Regarding testimonies from returnees, particularly women, Al Hantafi pointed to documented cases of forced searches and degrading interrogations that rise to the level of cruel, inhuman, and degrading treatment, which is categorically prohibited under international law. He said these practices violate the principle of non discrimination and place direct legal responsibility on the authorities controlling the crossing for any psychological or physical harm inflicted.
Al Hantafi proposed the adoption of a written and unified crossing protocol that guarantees transparency and the right to appeal, an end to humiliating searches, the establishment of an independent oversight mechanism to receive complaints and document violations, and the formalisation of binding humanitarian corridors for patients, students, and family reunification, free from political coercion.
Crisis Management, Not a Political Solution
In the broader political context, Palestinian and American affairs analyst Tawfiq Taameh said that the Rafah crossing has never been treated as a purely humanitarian gateway, but rather as a tool of leverage and control. A ceasefire, he explained, does not signify the end of conflict or address its root causes, but is often used to buy time and rearrange positions.

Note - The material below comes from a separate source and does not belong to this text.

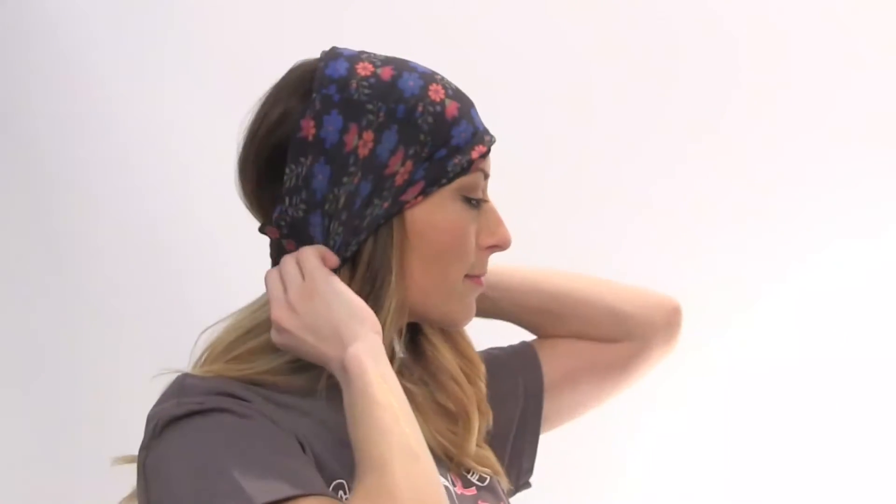Now I'm going to show you how you can wear it as a headband. You can use it to cover your ears like this, you can pull it back so you have it like a scarf, or you can pull it all the way down and use it to hold your hair out of your face like this.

He noted that partial opening achieves a delicate equation: easing humanitarian pressure enough to prevent explosion, without fully lifting the siege in a way that would strip influential actors of their leverage. An opening sufficient to absorb international anger, but not enough to break restrictions or enable Gaza economically and politically.
Taameh warned that this reality undermines the credibility of mediation and transforms it from peace efforts into crisis management. The crossing, in its current form, resembles a valve controlling collective breathing, opened and closed according to political calculations rather than human needs, remaining a witness to the absence of a political solution, not a gateway to a new phase.